Pada tahun 1985 umur harapan hidup wanita Indonesia adalah 52,7 tahun, pada tahun 2000 menjadi mencapai 67 tahun dan pada tahun 2010 sekitar 40 % penduduk Indonesia akan mencapai usia lebih dari 60 tahun dan separuhnya adalah kaum wanita. Bila jumlah penduduk Indonesia 300 juta jiwa (dengan asumsi KB tetap berhasil) maka akan terdapat sekitar 50-60 juta wulan berusia diatas 60 tahun. Wanita yang berusia lebih dari 60 tahun, hampir 100% telah memasuki masa menopause (Kompas, 2001). Apabila melihat data dari WHO tampaknya ledakan menopause pada tahun-tahun mendatang sulit sekali dibendung.
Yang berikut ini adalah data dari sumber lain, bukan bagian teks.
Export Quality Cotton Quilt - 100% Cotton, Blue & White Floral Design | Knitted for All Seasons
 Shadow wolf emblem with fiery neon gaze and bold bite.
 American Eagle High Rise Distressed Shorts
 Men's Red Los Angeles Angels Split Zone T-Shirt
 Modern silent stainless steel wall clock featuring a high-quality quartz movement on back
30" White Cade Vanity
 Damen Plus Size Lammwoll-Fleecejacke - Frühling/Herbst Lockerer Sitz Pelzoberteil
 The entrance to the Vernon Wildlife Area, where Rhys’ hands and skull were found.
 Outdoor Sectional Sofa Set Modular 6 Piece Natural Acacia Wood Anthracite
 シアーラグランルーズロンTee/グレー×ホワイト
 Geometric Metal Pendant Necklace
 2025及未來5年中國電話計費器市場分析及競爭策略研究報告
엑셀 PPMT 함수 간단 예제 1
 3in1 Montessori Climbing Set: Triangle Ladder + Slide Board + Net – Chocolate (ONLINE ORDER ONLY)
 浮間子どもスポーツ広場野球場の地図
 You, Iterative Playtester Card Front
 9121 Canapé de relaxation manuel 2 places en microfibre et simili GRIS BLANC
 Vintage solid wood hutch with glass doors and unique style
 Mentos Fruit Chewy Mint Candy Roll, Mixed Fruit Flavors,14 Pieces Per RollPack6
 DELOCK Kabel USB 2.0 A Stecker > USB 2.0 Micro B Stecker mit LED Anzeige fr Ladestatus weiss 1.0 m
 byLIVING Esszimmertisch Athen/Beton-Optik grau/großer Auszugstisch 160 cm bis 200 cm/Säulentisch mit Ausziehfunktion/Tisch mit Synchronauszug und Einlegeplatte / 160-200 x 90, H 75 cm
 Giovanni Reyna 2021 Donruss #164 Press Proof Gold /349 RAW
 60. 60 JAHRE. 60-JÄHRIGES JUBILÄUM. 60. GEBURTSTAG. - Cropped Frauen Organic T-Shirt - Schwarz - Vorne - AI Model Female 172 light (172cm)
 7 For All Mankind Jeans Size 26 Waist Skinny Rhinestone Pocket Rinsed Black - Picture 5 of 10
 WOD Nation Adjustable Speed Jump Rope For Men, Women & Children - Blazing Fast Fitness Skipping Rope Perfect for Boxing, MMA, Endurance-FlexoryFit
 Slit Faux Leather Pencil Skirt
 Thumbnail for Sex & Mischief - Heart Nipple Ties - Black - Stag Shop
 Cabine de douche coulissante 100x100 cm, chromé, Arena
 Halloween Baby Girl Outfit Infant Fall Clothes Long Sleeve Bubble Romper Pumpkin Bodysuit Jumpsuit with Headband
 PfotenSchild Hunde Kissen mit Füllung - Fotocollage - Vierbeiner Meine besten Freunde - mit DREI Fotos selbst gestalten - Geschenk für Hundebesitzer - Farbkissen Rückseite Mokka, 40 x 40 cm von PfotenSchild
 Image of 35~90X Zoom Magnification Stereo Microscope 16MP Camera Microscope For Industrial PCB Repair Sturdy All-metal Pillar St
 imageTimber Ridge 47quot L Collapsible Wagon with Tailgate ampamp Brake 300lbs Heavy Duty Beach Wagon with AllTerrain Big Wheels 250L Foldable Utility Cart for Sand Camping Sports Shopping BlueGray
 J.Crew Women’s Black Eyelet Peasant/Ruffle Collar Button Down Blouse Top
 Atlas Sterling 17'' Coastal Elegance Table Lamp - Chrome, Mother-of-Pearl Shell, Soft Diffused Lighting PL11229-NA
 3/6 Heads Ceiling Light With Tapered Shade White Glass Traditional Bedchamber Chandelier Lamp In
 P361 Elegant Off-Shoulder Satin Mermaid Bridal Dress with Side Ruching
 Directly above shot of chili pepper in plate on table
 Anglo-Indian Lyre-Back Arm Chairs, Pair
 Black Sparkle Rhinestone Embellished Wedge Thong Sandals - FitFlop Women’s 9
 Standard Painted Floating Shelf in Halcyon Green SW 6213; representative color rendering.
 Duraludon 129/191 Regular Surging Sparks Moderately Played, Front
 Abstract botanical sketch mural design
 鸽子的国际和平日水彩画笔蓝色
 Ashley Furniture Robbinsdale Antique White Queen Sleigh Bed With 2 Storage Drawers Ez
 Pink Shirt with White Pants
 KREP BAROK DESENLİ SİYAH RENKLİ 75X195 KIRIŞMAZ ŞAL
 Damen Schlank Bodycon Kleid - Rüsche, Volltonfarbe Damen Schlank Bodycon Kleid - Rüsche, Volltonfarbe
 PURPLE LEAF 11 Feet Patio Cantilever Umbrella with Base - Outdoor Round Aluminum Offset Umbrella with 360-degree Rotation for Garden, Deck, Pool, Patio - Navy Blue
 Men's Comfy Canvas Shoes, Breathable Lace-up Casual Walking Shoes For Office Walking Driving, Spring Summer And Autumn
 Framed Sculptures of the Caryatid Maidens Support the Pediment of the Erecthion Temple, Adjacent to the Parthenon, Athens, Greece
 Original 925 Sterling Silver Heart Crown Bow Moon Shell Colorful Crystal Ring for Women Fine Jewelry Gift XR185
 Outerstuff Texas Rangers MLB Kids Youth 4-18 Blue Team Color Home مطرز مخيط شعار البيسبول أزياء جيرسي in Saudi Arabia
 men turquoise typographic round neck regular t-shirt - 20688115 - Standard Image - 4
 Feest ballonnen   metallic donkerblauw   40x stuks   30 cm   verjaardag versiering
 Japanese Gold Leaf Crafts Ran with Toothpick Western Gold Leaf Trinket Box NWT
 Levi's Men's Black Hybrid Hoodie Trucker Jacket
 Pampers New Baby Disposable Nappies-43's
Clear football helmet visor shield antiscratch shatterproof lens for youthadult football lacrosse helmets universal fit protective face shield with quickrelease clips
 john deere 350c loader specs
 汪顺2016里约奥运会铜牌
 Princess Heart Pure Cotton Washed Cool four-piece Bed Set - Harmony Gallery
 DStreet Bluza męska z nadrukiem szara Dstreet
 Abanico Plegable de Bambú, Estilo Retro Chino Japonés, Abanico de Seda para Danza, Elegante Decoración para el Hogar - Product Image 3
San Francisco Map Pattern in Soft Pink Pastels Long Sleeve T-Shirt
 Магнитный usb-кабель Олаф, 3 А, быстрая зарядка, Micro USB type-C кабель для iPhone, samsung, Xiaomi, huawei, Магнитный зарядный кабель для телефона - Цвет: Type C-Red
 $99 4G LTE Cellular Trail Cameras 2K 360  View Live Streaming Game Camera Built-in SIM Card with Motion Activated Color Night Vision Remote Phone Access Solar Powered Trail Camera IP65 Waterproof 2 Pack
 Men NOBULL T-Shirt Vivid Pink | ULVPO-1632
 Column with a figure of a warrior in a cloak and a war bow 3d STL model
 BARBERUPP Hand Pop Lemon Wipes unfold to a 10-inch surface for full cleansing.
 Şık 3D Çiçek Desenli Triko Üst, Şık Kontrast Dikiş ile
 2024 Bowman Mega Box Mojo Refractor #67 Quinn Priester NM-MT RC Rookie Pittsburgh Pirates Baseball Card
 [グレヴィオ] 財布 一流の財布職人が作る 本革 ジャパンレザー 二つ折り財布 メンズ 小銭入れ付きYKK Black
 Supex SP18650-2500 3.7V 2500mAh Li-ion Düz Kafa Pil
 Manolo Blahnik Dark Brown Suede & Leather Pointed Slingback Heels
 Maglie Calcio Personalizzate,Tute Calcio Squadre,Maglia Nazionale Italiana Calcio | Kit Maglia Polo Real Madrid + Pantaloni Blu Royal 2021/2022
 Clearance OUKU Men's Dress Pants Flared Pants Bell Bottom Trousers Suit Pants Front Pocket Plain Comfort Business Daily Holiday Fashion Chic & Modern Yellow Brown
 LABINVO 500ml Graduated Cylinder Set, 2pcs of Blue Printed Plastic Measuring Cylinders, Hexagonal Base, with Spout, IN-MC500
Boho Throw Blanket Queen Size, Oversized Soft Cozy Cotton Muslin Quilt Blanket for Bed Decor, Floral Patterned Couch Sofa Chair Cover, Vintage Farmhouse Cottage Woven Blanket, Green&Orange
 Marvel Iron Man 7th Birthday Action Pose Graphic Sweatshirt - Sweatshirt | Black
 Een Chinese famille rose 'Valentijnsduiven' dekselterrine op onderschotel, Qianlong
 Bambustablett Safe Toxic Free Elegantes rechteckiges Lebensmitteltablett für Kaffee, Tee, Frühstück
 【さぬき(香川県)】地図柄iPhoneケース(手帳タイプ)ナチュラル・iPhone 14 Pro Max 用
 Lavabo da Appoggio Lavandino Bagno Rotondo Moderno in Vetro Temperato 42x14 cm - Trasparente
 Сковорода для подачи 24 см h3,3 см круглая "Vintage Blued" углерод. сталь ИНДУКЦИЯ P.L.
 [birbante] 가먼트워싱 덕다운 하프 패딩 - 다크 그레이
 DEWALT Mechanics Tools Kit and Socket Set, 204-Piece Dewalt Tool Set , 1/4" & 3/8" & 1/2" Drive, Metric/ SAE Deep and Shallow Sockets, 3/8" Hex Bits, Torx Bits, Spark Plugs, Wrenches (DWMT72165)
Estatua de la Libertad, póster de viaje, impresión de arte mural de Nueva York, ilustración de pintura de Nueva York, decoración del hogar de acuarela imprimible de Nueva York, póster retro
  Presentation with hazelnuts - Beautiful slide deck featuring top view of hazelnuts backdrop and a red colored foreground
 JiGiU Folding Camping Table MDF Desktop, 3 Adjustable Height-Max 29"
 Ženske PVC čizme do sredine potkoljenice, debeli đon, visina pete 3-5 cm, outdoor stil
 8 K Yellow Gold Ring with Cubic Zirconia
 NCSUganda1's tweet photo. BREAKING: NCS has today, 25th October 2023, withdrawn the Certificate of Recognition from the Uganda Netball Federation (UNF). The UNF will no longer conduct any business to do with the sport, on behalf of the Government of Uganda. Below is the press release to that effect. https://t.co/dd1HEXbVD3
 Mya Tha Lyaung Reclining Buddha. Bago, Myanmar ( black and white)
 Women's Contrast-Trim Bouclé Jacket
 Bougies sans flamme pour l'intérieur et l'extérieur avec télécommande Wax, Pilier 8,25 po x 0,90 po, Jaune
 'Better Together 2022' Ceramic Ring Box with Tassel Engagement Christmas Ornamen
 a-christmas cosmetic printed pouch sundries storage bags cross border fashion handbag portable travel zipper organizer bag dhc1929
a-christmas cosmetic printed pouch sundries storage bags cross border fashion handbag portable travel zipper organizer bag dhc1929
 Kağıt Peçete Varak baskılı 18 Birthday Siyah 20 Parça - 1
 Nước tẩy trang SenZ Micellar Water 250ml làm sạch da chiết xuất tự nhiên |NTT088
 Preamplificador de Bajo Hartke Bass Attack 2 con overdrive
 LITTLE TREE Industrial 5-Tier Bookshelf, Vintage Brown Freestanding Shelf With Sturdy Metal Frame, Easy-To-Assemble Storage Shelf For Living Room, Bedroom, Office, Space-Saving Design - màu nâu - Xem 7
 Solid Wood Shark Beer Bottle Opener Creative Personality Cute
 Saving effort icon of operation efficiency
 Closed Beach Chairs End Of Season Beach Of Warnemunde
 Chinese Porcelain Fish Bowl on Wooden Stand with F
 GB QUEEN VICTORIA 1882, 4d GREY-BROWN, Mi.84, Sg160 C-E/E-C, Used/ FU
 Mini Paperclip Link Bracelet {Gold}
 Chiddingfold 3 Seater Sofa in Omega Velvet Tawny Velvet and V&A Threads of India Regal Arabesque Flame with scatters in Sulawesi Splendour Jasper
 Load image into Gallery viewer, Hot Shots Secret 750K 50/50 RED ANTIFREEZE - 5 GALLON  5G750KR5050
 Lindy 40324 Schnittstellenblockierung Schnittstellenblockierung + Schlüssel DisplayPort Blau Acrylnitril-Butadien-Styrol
WHO memperkirakan di tahun 2030 nanti ada 1,2 milyar wanita yang berusia 50 tahun. Sebagian besar dari mereka (sekitar 80 %) tinggal di negara berkembang (Republika, 2001). Usia lanjut di Indonesia pada tahun 2007 berjumlah 5,53% (Depkes RI, 2007) sedangkan di Lampung pada tahun 2007 mencapai 34,56% di Lampung Timur ada 75.577 jiwa (Depkes Lampung Timur, 2007)
Fakta lapangan menemukan bahwa 75 % wanita yang mengalami menopause akan merasakan berbagai masalah atau gangguan, sedangkan sekitar 25% lainnya tidak mempermasalahkan (Achadiat, 2003). Hal ini menegaskan bahwa umumnya wanita takut menghadapi menopause karena tidak siap menerima kenyataan mengalami menopause, sehingga wanita akan melakukan berbagai cara agar dapat menghambat datangnya menopause. Hal tersebut menyebabkan wanita menjadi cemas, murung, dan menarik diri dari lingkungan sosial ketika mengalami menopause.
Dampak karena tidak siap menerima kenyataan mengalami menopause maka timbul keluhan yang bervariasi tergantung berbagai faktor, sehingga permasalahan pada wanita menopause bervariasi, sebagian berpendapat menopause adalah awal dari kemunduran fungsi kewanitaan secara keseluruhan, yang lain menganggap menopause sebagai bencana di usia senja atau saat yang paling tidak menyenangkan karena datangnya masa menopause ini kadang-kadang akan diikuti dengan perubahan fisik dan psikologis yang menyiksa (Kartono, 1992)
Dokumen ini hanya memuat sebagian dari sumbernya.